DATA SUPPLIED —
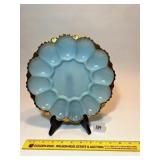 Vintage Delphite Blue Egg Plate w/ gold trim;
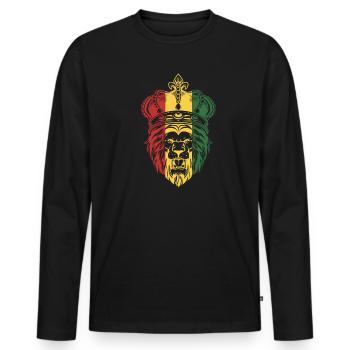 Rasta - T-shirt manches longues Premium bio Homme - noir - Devant - Nico (187cm)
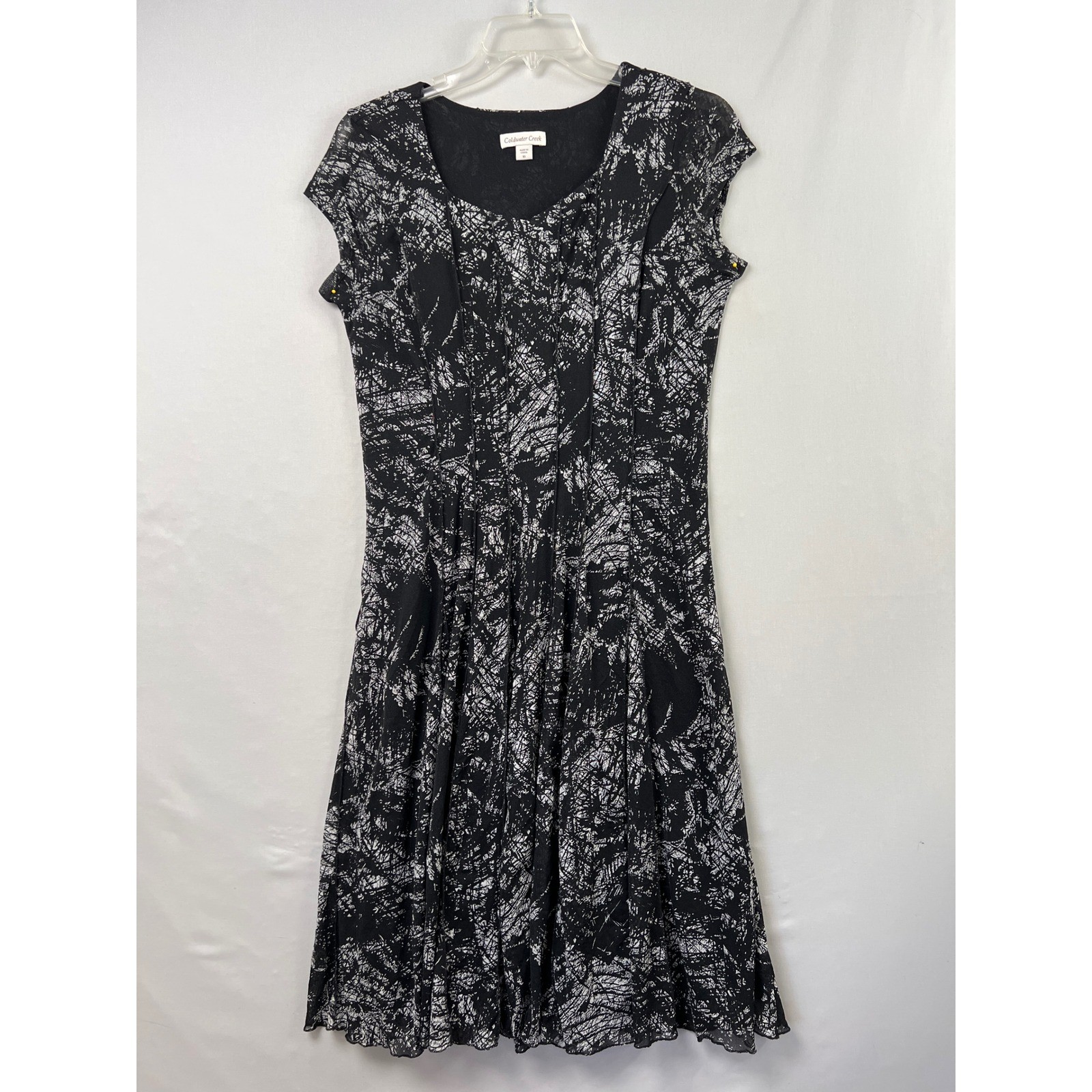 Coldwater Creek Dress Women 16 Black White Abstract Mesh Cap Sleeve Fit Flare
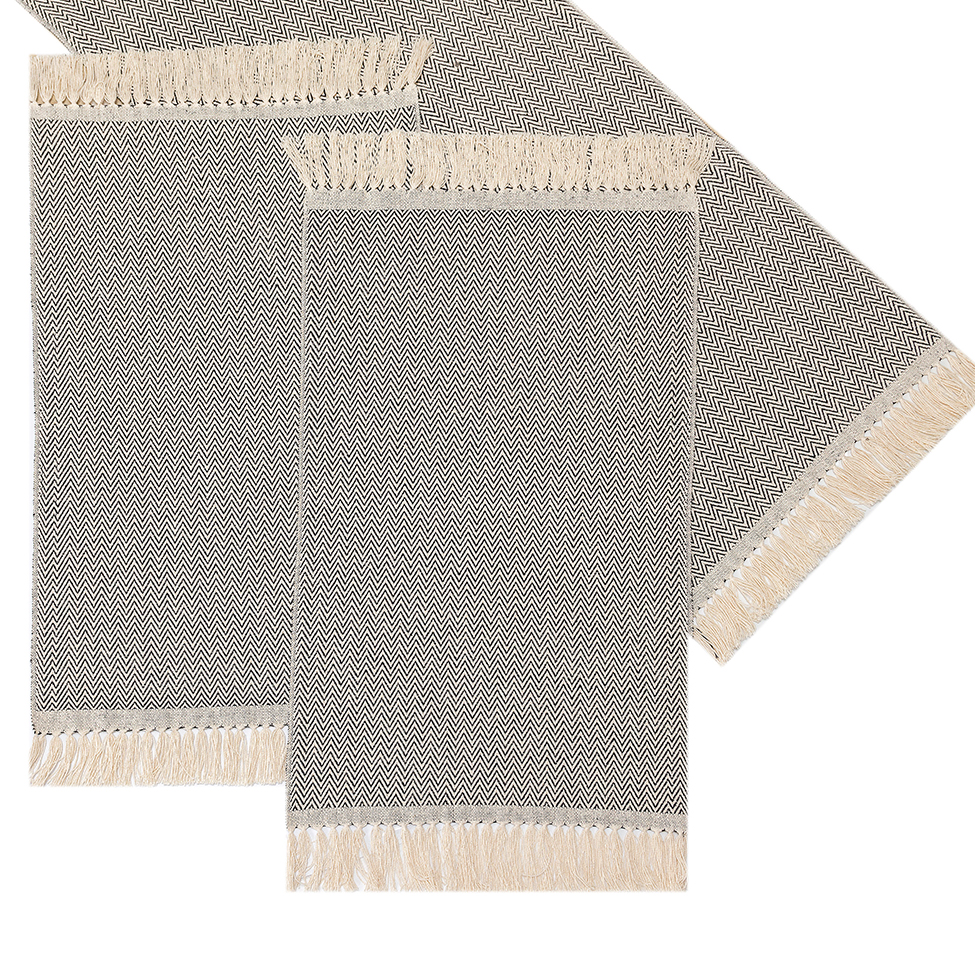 Caminho de Mesa Retangular 50x140 cm Zig Cinza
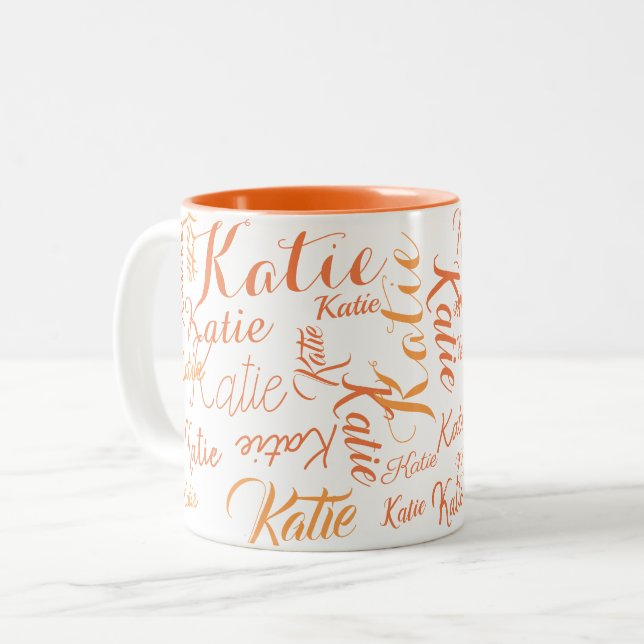 Tasse 2 Couleurs orange moderne sur des noms manuscrits blancs (Devant gauche)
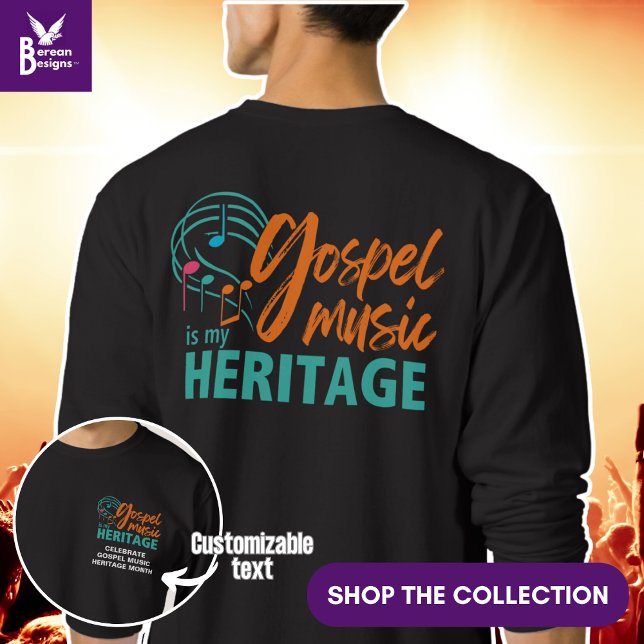 Stilvolle GOSPEL MUSIK IST MEIN ERBE Sweatshirt (GOSPEL MUSIC IS MY HERITAGE stylish Christian sweatshirt to celebrate Heritage Month in September)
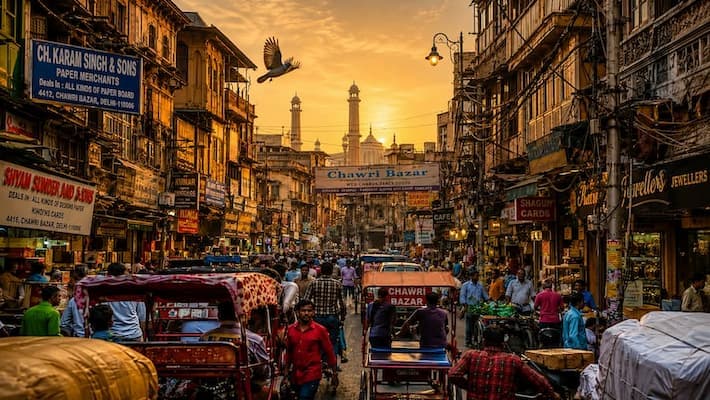 Heritage walk through Chandni Chowk market in Old Delhi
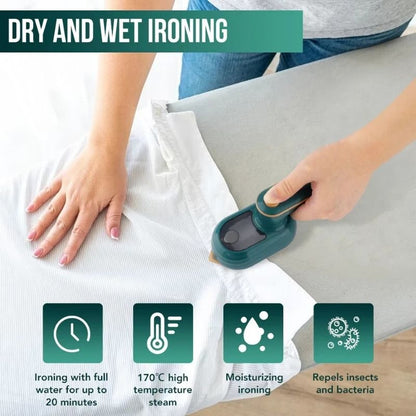 Portable Mini Steam Iron — Handheld 2-in-1 Garment Steamer for Home & Travel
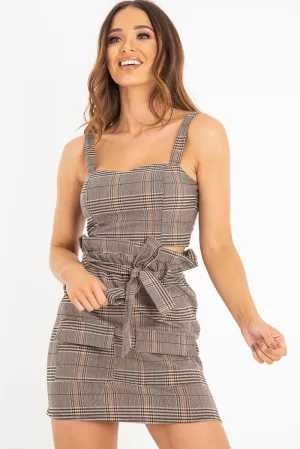 Brown Check Bralet Tie Front Skirt Co-Ord - Beatrice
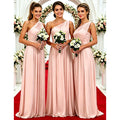 One Shoulder Lemon Yellow Bridesmaid Dresses Chiffon | SAMAG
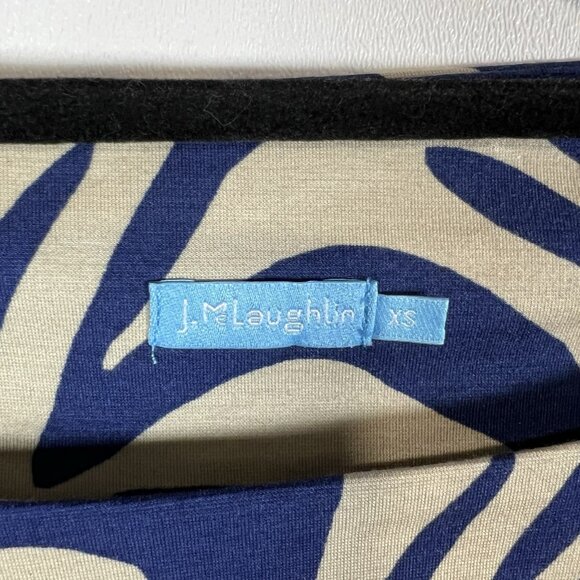 J. McLaughlin Campbell Boat Neck Navy/Beige‎ Puddle Print Dress Size XS - Picture 5 of 7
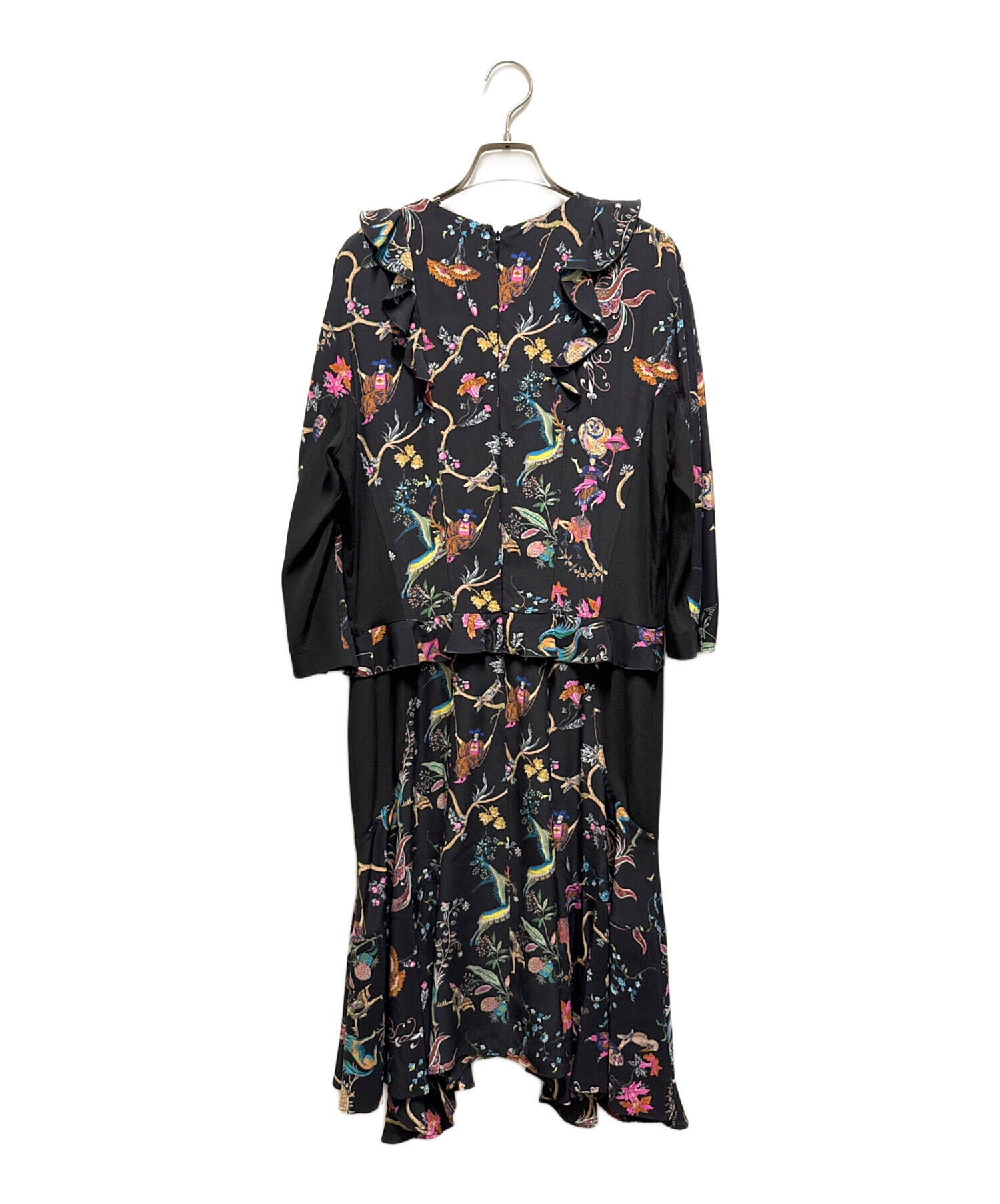 ETRO エトロ　総柄　花柄　フラワー　ボタニカル　とろみ　ワンピース　40 黒 中古・古着通販】ETRO (エトロ) 花柄ワンピース ブラック サイズ:48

EXERCISE DETAILS — If a picture appears among the records, leave it out, and otherwise reproduce exactly every line from the first line through the one with "Caminho de Mesa", both included.

RESPONSE TO THIS EXERCISE —
 Vintage Delphite Blue Egg Plate w/ gold trim;
 Rasta - T-shirt manches longues Premium bio Homme - noir - Devant - Nico (187cm)
 Coldwater Creek Dress Women 16 Black White Abstract Mesh Cap Sleeve Fit Flare
 Caminho de Mesa Retangular 50x140 cm Zig Cinza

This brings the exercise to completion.